Grade-stratified survival outcomes for endoscopically managed upper tract urothelial carcinoma (UTUC): a, disease-specific survival (DSS); b, upper-tract recurrence-free survival (UT-RFS); c, intravesical recurrence-free survival (Bl-RFS); d, renal unit survival (RUS); e, upper-tract progression-free survival (PFS); f, endoscopic failure-free survival (Endo-FFS).


Overall, 29 (39.7%) patients died during follow-up, after a median period of 54 months. There were seven (9.6%) patients with disease-specific mortality (DSM). The estimated OS and DSS was 69.7% and 88.9%, respectively, at 5 years, and 40.3% and 77.4%, respectively, at 10 years (Fig. 1 and Table 3). Median OS was 107 months and the mean DSS time was 189.7 months.

When stratifying patients by tumour grade, G1 patients had superior DSS to G2 (P= 0.002) and G3 (P= 0.023) (Fig. 3a). There was only one DSM for those with grade 1 tumours (2.9%) compared to six DSMs for those with grade 2 and 3 tumours (24%).


A total of 50 (68.5%) patients experienced 164 upper tract recurrence over follow-up, with a mean of 3.3 amongst these patients or 2.2 per patient for the entire cohort. The remaining 23 (31.5%) patients were recurrence-free after initial treatment, and the mean follow-up and pathological verification were 69.7 months and 17/23 (73.9%), respectively, for this recurrence-free subgroup. Estimated UT-RFS was 53.4% at 5 years and 20.5% at 10 years (Fig. 2). There was a clear trend for early UT-Rec with increasing grade (P= 0.002), as shown in Fig. 3b and Table 3. Overall, the median UT-RFS was 72 months.
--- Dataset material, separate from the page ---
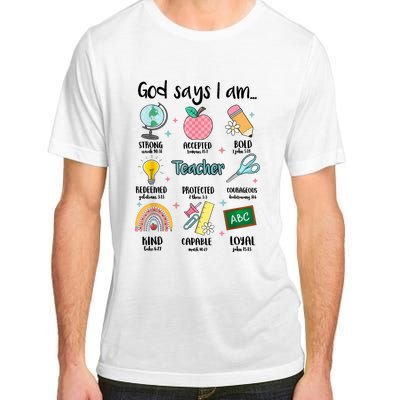 God Says I Am Teacher Life Adult ChromaSoft Performance T-Shirt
A total of 18 (24.7%) patients underwent adjuvant topical treatment with mitomycin C. The estimated 5-year UT-RFS was 53.8% for patients treated with adjuvant mitomycin C and 54.2% for those without adjuvant treatment (P= 0.185). Even when sub-stratifying by UTUC grade, adjuvant treatment did not show any difference in UT-RFS for G1 (P= 0.686), G2 (P= 0.153) or G3 (P= 0.898) UTUC.


A total of 31 (42.5%) patients experienced bladder recurrence over follow-up. The estimated Bl-RFS was 68.9% at 5 years and 36.4% at 10 years (Fig. 2). There was a clear trend for early Bl-Rec with increasing grade (P < 0.001), as shown in Fig. 3c and Table 3. Overall, the median Bl-RFS was 119 months. Bl-RFS was superior in patients with no previous history of urothelial carcinoma of the bladder (group A) compared to those with a previous history of urothelial carcinoma of the bladder (group B) (P= 0.029) (Table 3) and multivariate analysis showed that both UTUC grade and previous urothelial carcinoma of the bladder were independent prognostic factors for Bl-Rec (Table 4).


A total of 14 (19.2%) patients proceeded to nephroureterectomy over follow-up. The estimated RUS was 84.6% at 5 years and 65.4% at 10 years (Fig. 2). There was a clear trend for early nephroureterectomy with increasing tumour grade (P= 0.001), with G1 and G2 showing superior RUS to G3 disease (P < 0.001 and P= 0.011, respectively) (Fig. 3d and Table 3). Overall, the median RUS was 187 months.

There was a strong pathological concordance of initial pathological biopsy grade and final nephroureterectomy specimen for 10 of 13 (76.9%) patients. A single nephroureterectomy pathology report was unrecorded in a patient who died after surgery.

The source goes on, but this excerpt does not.